***** GIVEN RECORDS *****

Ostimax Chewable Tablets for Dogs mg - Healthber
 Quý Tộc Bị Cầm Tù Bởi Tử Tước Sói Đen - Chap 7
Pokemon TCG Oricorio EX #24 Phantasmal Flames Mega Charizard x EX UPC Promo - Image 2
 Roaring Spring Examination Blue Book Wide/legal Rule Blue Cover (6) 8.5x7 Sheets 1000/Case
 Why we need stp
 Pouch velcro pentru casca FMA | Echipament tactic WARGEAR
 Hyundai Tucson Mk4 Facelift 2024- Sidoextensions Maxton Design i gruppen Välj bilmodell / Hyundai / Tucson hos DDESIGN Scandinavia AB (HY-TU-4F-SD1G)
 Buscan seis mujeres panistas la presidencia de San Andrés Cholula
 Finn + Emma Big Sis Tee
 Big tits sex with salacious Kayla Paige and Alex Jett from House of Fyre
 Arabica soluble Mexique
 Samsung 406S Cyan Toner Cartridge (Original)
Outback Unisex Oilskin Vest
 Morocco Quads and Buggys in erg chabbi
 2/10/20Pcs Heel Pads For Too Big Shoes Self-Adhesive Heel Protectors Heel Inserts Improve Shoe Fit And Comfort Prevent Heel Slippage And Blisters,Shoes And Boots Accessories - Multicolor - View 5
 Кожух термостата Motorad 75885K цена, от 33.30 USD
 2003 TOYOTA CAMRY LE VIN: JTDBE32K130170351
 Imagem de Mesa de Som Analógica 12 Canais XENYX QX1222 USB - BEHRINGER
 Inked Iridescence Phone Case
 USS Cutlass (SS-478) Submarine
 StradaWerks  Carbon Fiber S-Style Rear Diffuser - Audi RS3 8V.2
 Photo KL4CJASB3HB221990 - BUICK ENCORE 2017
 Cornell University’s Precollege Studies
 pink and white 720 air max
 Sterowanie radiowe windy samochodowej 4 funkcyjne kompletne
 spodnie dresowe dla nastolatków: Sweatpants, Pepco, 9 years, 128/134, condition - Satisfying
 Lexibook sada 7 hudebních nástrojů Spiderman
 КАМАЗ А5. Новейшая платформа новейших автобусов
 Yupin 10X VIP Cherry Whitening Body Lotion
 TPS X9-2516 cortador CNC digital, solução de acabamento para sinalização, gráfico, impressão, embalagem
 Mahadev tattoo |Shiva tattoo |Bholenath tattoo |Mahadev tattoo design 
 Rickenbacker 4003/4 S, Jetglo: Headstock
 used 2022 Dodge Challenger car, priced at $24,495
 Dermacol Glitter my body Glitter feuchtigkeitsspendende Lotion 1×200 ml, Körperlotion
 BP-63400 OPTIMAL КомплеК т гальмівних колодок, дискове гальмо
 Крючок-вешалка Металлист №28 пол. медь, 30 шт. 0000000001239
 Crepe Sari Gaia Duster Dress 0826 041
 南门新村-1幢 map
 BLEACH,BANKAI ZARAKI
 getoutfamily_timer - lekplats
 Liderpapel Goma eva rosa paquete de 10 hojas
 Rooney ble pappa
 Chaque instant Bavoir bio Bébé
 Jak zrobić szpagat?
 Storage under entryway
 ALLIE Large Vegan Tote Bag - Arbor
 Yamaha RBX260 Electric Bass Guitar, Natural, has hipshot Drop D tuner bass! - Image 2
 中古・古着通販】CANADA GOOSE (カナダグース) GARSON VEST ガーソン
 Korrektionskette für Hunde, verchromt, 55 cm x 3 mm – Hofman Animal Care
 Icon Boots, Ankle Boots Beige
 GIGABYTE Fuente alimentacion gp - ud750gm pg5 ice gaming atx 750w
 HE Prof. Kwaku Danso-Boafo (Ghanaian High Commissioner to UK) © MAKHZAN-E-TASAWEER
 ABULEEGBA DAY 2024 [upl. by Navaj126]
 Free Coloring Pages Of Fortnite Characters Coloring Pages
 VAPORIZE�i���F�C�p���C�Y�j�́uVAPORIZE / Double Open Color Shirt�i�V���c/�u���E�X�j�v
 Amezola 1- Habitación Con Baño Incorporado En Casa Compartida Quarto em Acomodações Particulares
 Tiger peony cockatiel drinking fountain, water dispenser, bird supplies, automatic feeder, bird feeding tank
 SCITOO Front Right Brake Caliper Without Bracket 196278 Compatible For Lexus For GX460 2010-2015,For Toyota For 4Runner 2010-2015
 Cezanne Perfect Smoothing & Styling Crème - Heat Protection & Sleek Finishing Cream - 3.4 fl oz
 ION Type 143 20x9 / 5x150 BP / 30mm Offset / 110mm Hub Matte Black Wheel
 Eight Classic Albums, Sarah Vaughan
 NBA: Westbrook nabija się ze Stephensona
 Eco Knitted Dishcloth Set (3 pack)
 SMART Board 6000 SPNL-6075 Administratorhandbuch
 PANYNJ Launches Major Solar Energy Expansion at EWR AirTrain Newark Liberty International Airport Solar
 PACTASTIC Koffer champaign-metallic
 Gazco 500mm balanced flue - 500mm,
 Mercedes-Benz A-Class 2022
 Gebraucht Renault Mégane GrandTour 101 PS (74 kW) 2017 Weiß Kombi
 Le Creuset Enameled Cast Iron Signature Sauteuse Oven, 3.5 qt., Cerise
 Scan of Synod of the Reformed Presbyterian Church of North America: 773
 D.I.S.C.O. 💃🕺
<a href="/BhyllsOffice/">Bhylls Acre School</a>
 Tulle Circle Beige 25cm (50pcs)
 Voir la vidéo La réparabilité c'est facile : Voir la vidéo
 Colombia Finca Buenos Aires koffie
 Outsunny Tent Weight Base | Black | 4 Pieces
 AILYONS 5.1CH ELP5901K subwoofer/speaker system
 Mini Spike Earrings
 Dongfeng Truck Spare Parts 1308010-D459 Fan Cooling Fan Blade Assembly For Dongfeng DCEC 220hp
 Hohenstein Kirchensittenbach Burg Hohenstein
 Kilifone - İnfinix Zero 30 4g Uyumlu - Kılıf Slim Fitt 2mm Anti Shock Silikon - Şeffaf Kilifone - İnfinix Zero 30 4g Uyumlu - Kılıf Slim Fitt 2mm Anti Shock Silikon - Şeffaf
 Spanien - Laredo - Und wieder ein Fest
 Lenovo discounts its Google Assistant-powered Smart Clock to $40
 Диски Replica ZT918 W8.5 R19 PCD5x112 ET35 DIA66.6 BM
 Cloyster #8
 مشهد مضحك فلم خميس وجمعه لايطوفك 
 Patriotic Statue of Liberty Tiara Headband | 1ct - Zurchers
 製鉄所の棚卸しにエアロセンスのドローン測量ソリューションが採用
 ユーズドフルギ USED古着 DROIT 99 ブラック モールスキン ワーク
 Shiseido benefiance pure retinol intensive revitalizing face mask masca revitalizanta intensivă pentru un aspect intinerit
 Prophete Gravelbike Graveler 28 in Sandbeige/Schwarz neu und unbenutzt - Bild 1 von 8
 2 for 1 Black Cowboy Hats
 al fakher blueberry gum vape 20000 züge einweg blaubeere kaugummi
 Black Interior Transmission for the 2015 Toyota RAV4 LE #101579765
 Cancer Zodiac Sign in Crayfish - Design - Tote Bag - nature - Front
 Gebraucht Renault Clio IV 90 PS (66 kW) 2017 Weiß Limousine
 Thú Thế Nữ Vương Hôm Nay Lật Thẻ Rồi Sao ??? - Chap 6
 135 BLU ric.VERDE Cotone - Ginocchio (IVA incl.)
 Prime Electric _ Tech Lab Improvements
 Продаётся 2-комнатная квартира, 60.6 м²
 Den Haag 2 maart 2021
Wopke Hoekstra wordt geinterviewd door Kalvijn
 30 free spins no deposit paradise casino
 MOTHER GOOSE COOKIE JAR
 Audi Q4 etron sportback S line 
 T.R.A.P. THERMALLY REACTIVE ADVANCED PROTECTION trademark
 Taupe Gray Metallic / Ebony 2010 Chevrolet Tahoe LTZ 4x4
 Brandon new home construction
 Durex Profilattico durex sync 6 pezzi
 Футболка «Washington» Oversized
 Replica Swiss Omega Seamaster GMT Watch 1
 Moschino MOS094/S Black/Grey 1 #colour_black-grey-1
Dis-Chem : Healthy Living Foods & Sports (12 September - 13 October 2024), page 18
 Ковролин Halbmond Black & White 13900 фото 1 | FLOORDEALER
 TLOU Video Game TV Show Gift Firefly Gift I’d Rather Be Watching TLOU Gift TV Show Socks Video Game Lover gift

*****

• [INSTRUCTIONS FOR THE TASK]: From the records above, retype only the lines starting at the line that contains "Finn + Emma Big Sis Tee" and ending at the line that contains "Sterowanie radiowe windy", both included.

• [EXERCISE RESPONSE]:
 Finn + Emma Big Sis Tee
 Big tits sex with salacious Kayla Paige and Alex Jett from House of Fyre
 Arabica soluble Mexique
 Samsung 406S Cyan Toner Cartridge (Original)
Outback Unisex Oilskin Vest
 Morocco Quads and Buggys in erg chabbi
 2/10/20Pcs Heel Pads For Too Big Shoes Self-Adhesive Heel Protectors Heel Inserts Improve Shoe Fit And Comfort Prevent Heel Slippage And Blisters,Shoes And Boots Accessories - Multicolor - View 5
 Кожух термостата Motorad 75885K цена, от 33.30 USD
 2003 TOYOTA CAMRY LE VIN: JTDBE32K130170351
 Imagem de Mesa de Som Analógica 12 Canais XENYX QX1222 USB - BEHRINGER
 Inked Iridescence Phone Case
 USS Cutlass (SS-478) Submarine
 StradaWerks  Carbon Fiber S-Style Rear Diffuser - Audi RS3 8V.2
 Photo KL4CJASB3HB221990 - BUICK ENCORE 2017
 Cornell University’s Precollege Studies
 pink and white 720 air max
 Sterowanie radiowe windy samochodowej 4 funkcyjne kompletne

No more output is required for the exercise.